Under the self-refresh method, the memory utilizes its own internal refresh clock and the refresh address stored in an internal refresh address register to control refresh operations. During periods when data is not being written to or retrieved from the memory (idle states), the memory controller may place the memory in the self-refresh mode. In the self-refresh mode, the memory uses its own internal refresh mechanism to refresh the row(s) of memory and control the internal refresh address register. The self-refresh mode is good for saving power during idle states since the self-refresh mode uses a relatively small amount of power. Due to the small amount of power needed, this method is commonly used for low power applications.
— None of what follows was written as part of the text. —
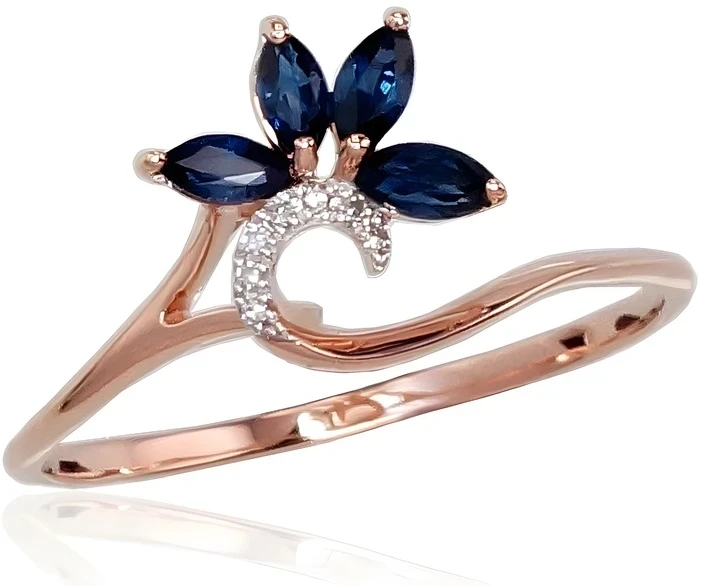 Diamond Sky Jewelry Auksinis žiedas su deimantais ir safyrais „Crystallite III“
However, this method is inefficient during active cycles, because access to the memory is shut down completely (i.e., all rows closed) for a refresh cycle to be performed.
The auto-refresh method is typically employed during active use of the memory. In auto-refresh mode, the memory controller provides an auto-refresh command that is to be used by the memory to perform the refresh operations. The memory uses the refresh address in its internal refresh address register to determine which row/bank to perform the refresh cycle and cycle through the relevant rows based on the auto-refresh command provided by the memory controller. Similarly, when the memory enters the auto-refresh state, all banks have to be closed to access by the memory controller because the memory controller has no knowledge as to which bank is going to be refreshed by the memory.
Hence, it would be desirable to provide more efficient methods and systems for refreshing volatile memories, which are capable of achieving higher performance while maintaining a low power budget.